In August 1998 Kim Trevathan summoned his beloved 45-pound German shepherd mix, Jasper, and paddled a canoe down the Tennessee River, an adventure chronicled in Paddling the Tennessee River: A Voyage on Easy Water. Twenty years later, in Against the Current: Paddling Upstream on the Tennessee River, he invites readers on a voyage of light-hearted rumination about time, memory, and change as he paddles the same river in the same boat—but this time going upstream, starting out in early spring instead of late summer.

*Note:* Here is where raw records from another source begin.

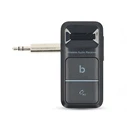Φορητός Δέκτης Bluetooth Nedis Btrc3024bk Με Λειτουργία Φωνητικού Ελέγχου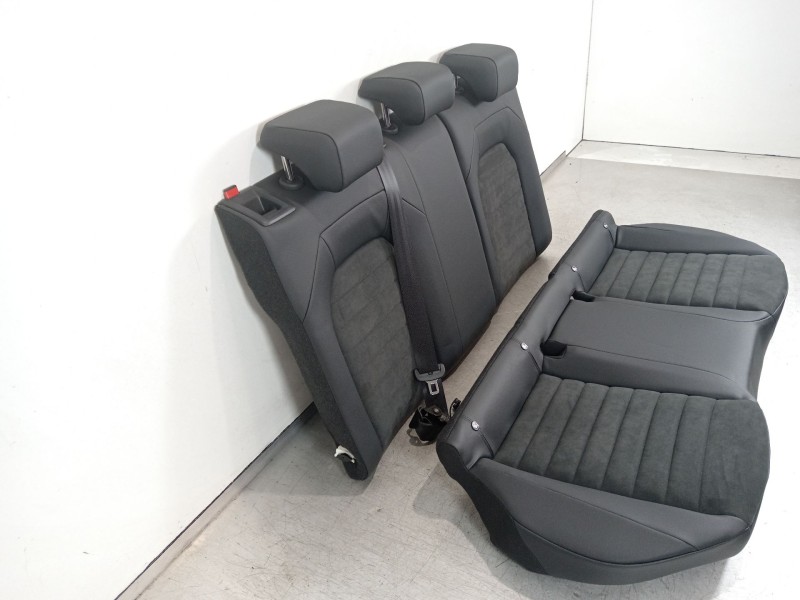 Recambio de asientos traseros para seat ibiza (kj1) fr referencia OEM IAM 6F0885375D  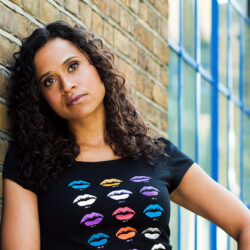 Angel Coulby Pets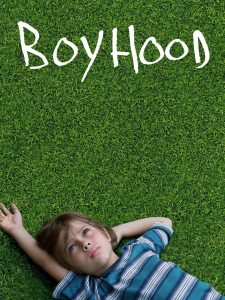 Plakat Boyhood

In sparkling prose, Trevathan describes the life of the river before and after the dams, the sometimes daunting condition of its environment, its banks’ host of evolving communities—and also the joys and follies of having a new puppy, 65-pound Maggie, for a shipmate.

Trevathan discusses the Tennessee River’s varied contributions to the cultures that hug its waterway (Kentuckians refer to it as a lake, but Tennesseans call it a river), and the writer’s intimate style proves a perfect lens for the passageway from Kentucky to Tennessee to Alabama and back to Tennessee. In choice observations and chance encounters along the route, Trevathan uncovers meaningful differences among the Tennessee Valley’s people—and not a few differences in himself, now an older, wiser adventurer.

Whether he is struggling to calm his land-loving companion, confronting his body’s newfound aches and pains, craving a hard-to-find cheeseburger, or scouting for a safe place to camp for the night, Trevathan perseveres in his quest to reacquaint himself with the river and to discover new things about it. And, owing to his masterful sense of detail, cadence, and narrative craft, Trevathan keeps the reader at the heart of the journey. The Tennessee River is a remarkable landmark, and this text exhibits its past and present qualities with a perspective only Trevathan can provide.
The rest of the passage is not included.